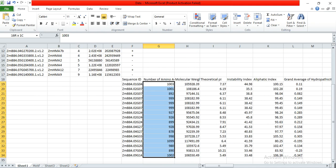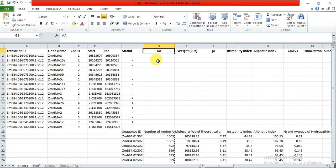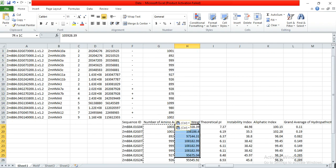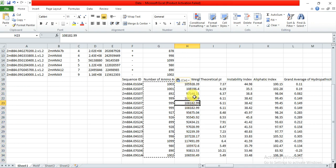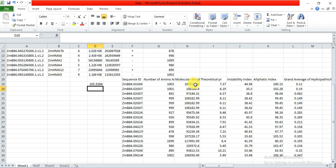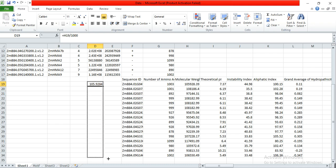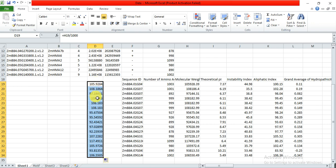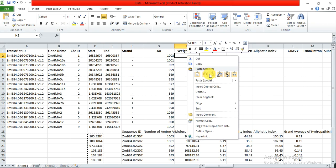Copy all the amino acid numbers and paste them into the amino acid column. The weight is in Daltons, so we need to convert to kiloDaltons by dividing by 1000. Write an equal sign, select the molecular weight cell, divide by 1000, and drag the formula down when the corner shows a black plus sign. All values will become kilodaltons. Copy and paste as values into the appropriate column.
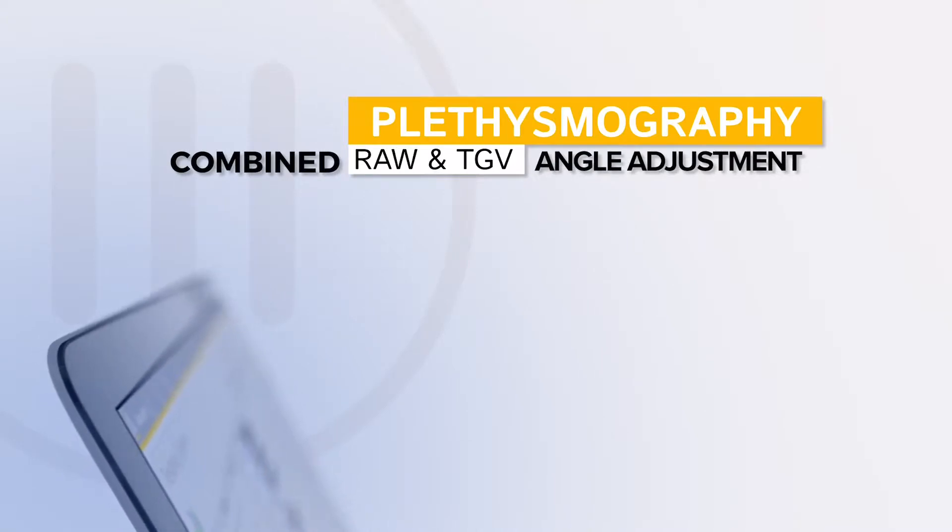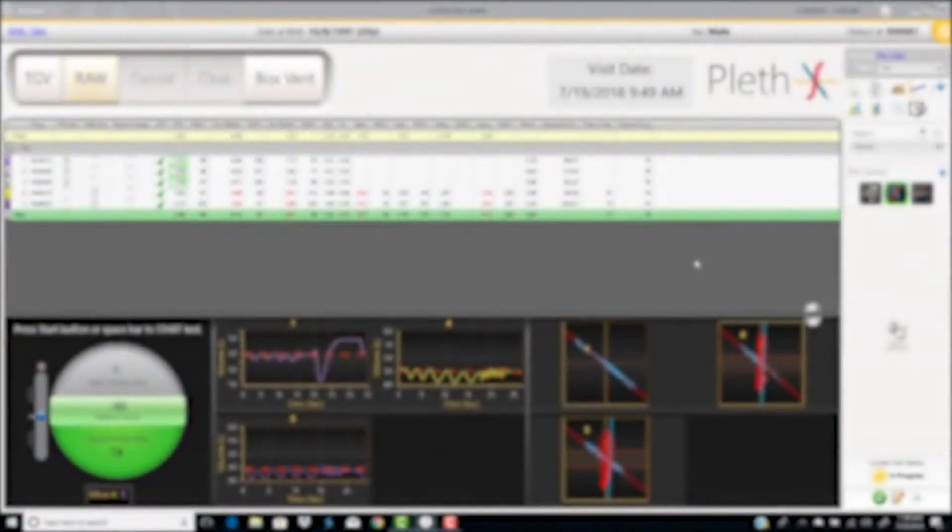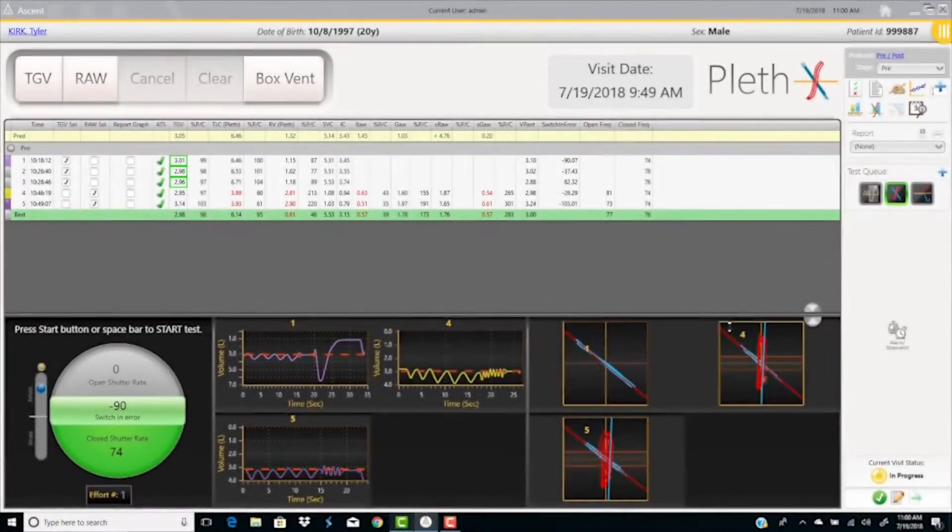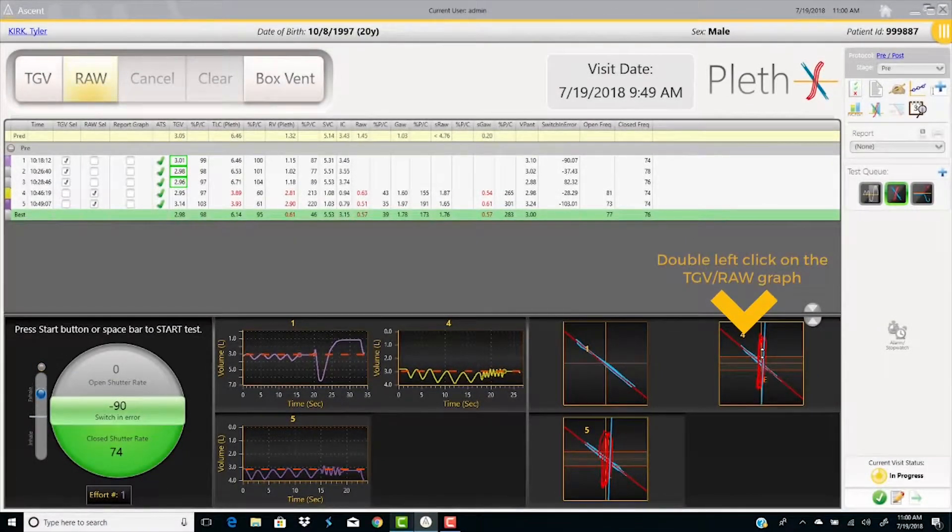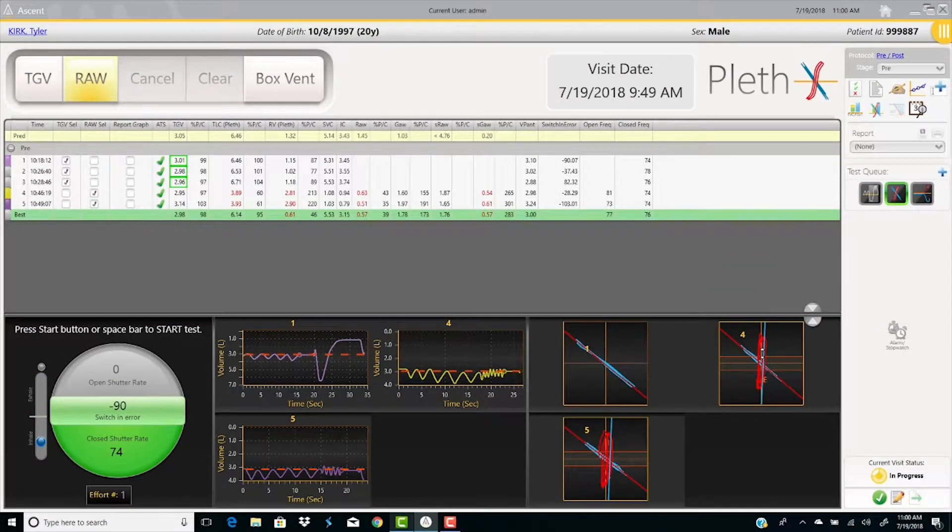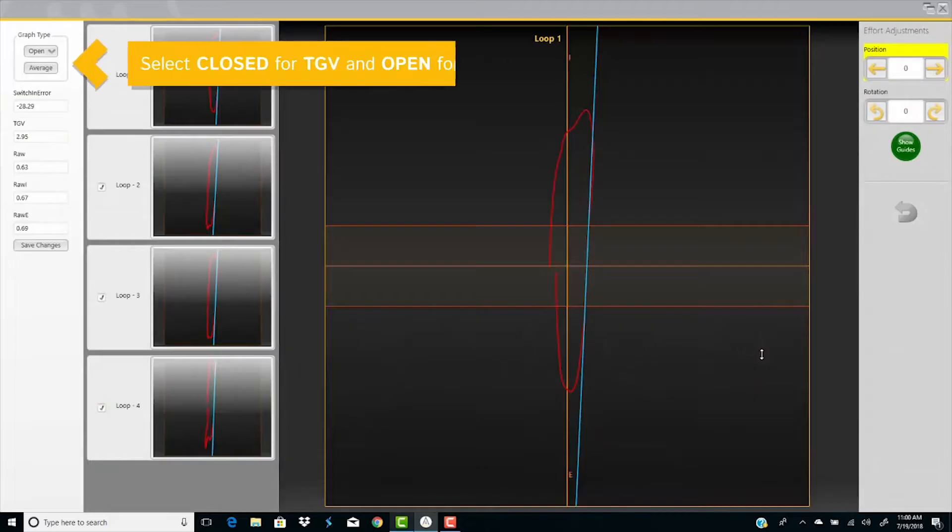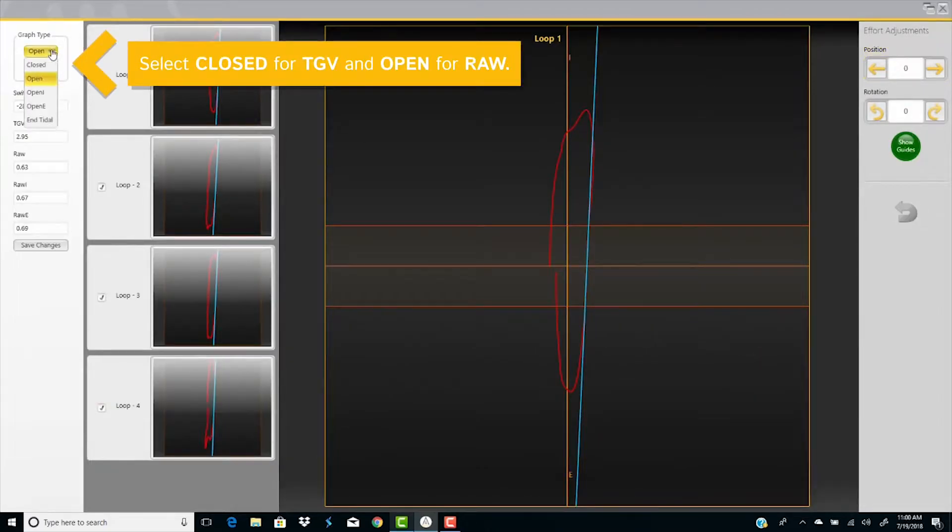Adjustment of the TGV tracing. Double left click on a TGV-RAW graph. Select the graph type. Close for TGV and open for RAW.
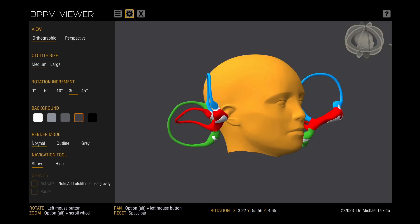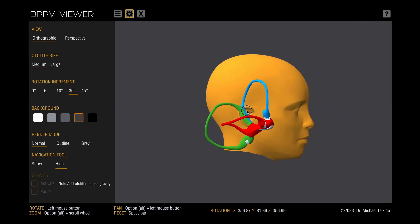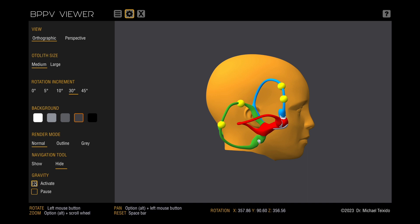If you prefer, you can hide the Navigation tool. Click anywhere along a semicircular canal to add a spherical autolith marker. Click again to remove the marker. Feel free to add as many markers as you wish. To simulate gravity, click the Activate checkbox in the lower left corner. Click Pause to temporarily halt the gravity simulation. To remove all autolith markers, uncheck the Activate checkbox.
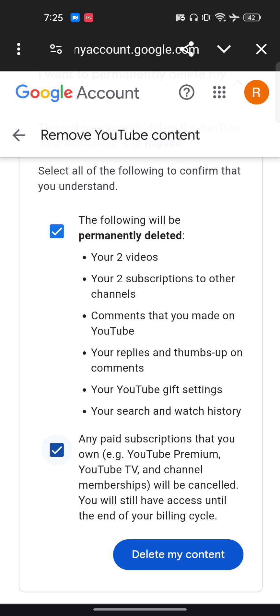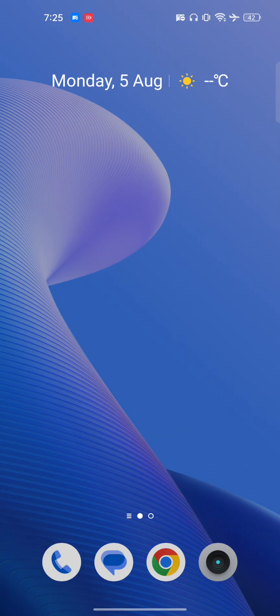If you click on 'Delete my content,' it will automatically delete your channel as well as all the content available on that channel. I hope you found this video very useful — subscribe!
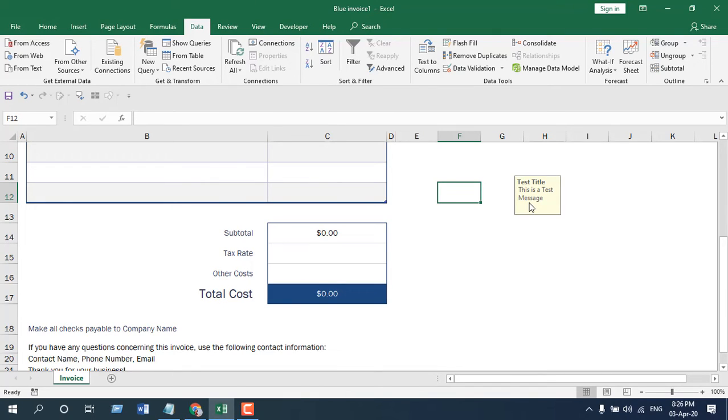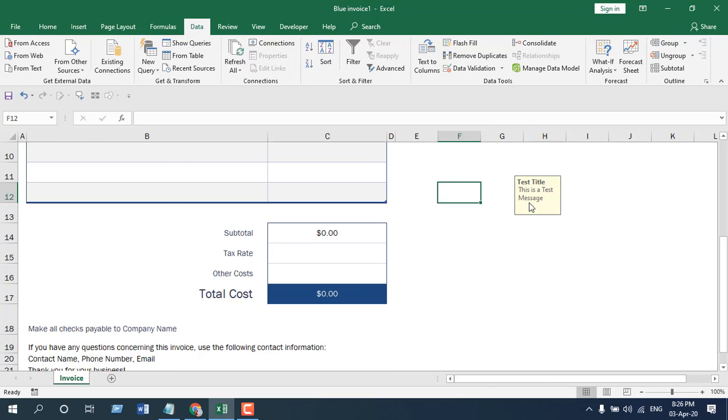So this is how you can add pop-up message in Microsoft Excel using Data Validation. This is what I wanted to show you. Thank you, thanks for watching. See you in the next tutorial. Don't forget to subscribe, and if you can, please support the channel through Patreon. Thank you, thanks for watching.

☆ ☆ ☆ ☆ ☆ ☆ ☆

▸ **PROBLEM TO WORK ON**
Print out every record above exactly as given. Do not include the pictures.

▸ **TASK ANSWER**
Copy all the amino acid numbers and paste them into the amino acid column. The weight is in Daltons, so we need to convert to kiloDaltons by dividing by 1000. Write an equal sign, select the molecular weight cell, divide by 1000, and drag the formula down when the corner shows a black plus sign. All values will become kilodaltons. Copy and paste as values into the appropriate column.
Adjustment of the TGV tracing. Double left click on a TGV-RAW graph. Select the graph type. Close for TGV and open for RAW.
If you prefer, you can hide the Navigation tool. Click anywhere along a semicircular canal to add a spherical autolith marker. Click again to remove the marker. Feel free to add as many markers as you wish. To simulate gravity, click the Activate checkbox in the lower left corner. Click Pause to temporarily halt the gravity simulation. To remove all autolith markers, uncheck the Activate checkbox.
If you click on 'Delete my content,' it will automatically delete your channel as well as all the content available on that channel. I hope you found this video very useful — subscribe!
So this is how you can add pop-up message in Microsoft Excel using Data Validation. This is what I wanted to show you. Thank you, thanks for watching. See you in the next tutorial. Don't forget to subscribe, and if you can, please support the channel through Patreon. Thank you, thanks for watching.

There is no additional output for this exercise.